-- Recorded data follows --

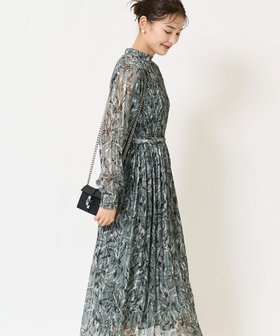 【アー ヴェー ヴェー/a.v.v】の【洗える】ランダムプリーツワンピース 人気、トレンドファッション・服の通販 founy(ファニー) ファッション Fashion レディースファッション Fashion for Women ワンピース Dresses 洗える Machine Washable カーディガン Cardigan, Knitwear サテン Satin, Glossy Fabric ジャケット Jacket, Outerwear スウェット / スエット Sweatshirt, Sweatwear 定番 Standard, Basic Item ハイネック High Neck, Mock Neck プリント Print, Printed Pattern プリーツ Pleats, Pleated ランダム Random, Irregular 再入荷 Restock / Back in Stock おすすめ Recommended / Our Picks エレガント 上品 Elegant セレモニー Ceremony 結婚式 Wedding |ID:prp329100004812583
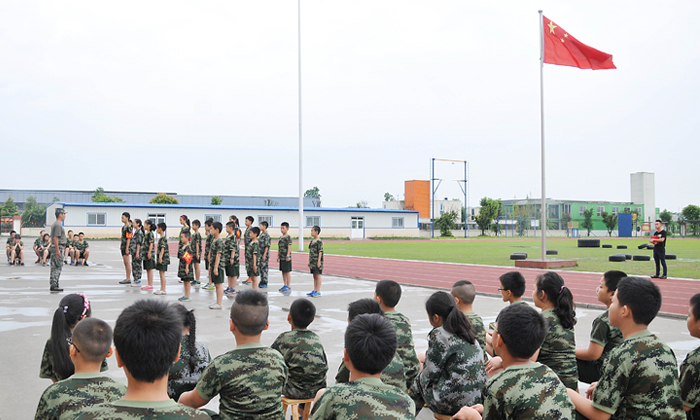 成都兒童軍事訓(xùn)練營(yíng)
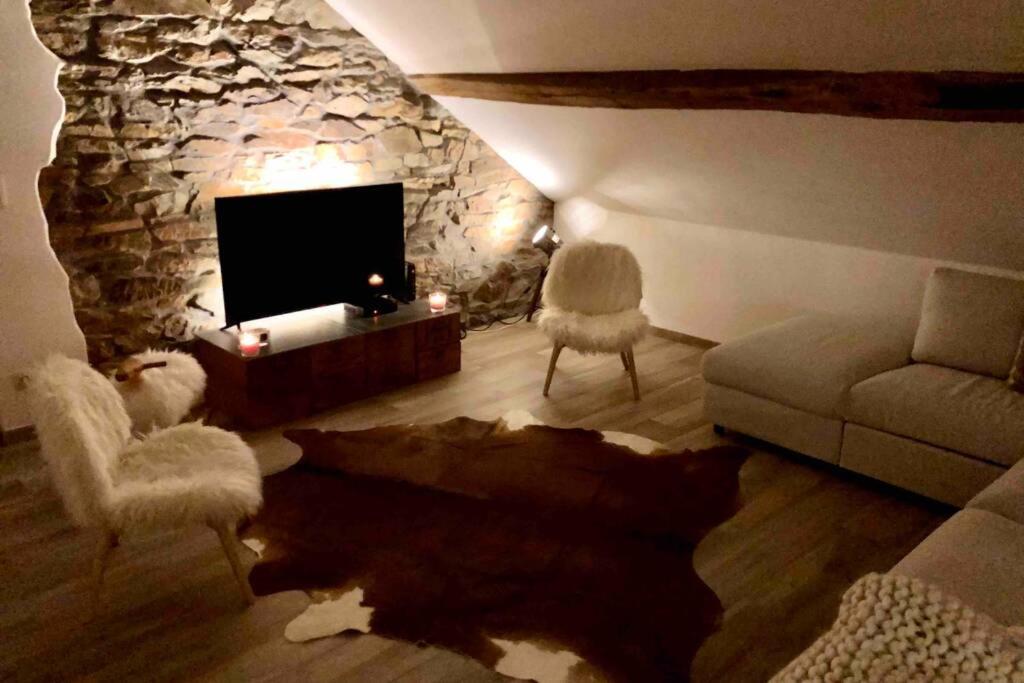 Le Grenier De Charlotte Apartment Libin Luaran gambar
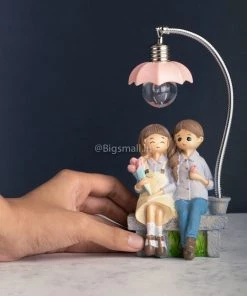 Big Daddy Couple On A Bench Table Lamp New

-- Recorded data concluded --

◆ To do ◆
Lines from the one with "Le Grenier De" through the final line of the listing above: copy them exactly, both ends included, and omit every picture.

◆ Response area ◆
 Le Grenier De Charlotte Apartment Libin Luaran gambar
 Big Daddy Couple On A Bench Table Lamp New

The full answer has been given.